[[ DATA BLOCK open ]]
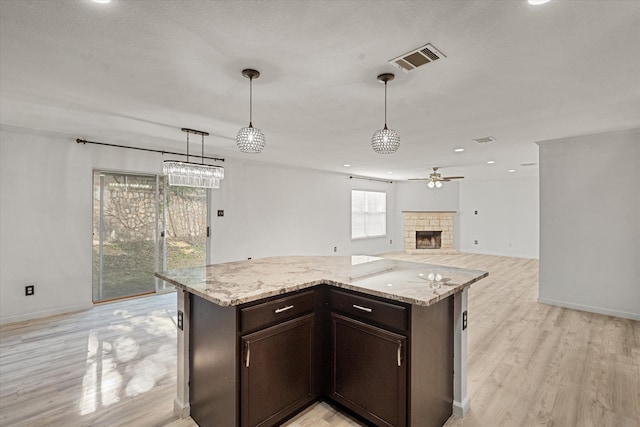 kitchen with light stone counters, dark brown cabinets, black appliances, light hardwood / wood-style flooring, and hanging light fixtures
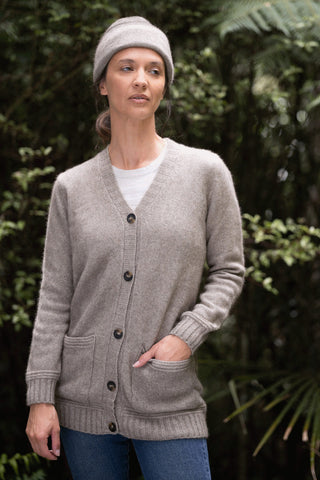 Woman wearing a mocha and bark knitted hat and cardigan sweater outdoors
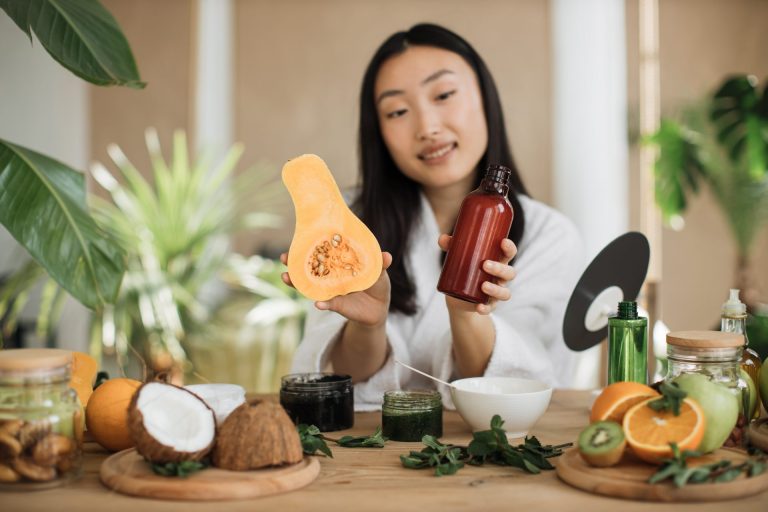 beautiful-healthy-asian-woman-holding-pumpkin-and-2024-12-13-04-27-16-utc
[[ DATA BLOCK closed ]]
EXERCISE
The listing above should be repeated word for word, pictures removed.

WRITTEN RESPONSE
 kitchen with light stone counters, dark brown cabinets, black appliances, light hardwood / wood-style flooring, and hanging light fixtures
 Woman wearing a mocha and bark knitted hat and cardigan sweater outdoors
 beautiful-healthy-asian-woman-holding-pumpkin-and-2024-12-13-04-27-16-utc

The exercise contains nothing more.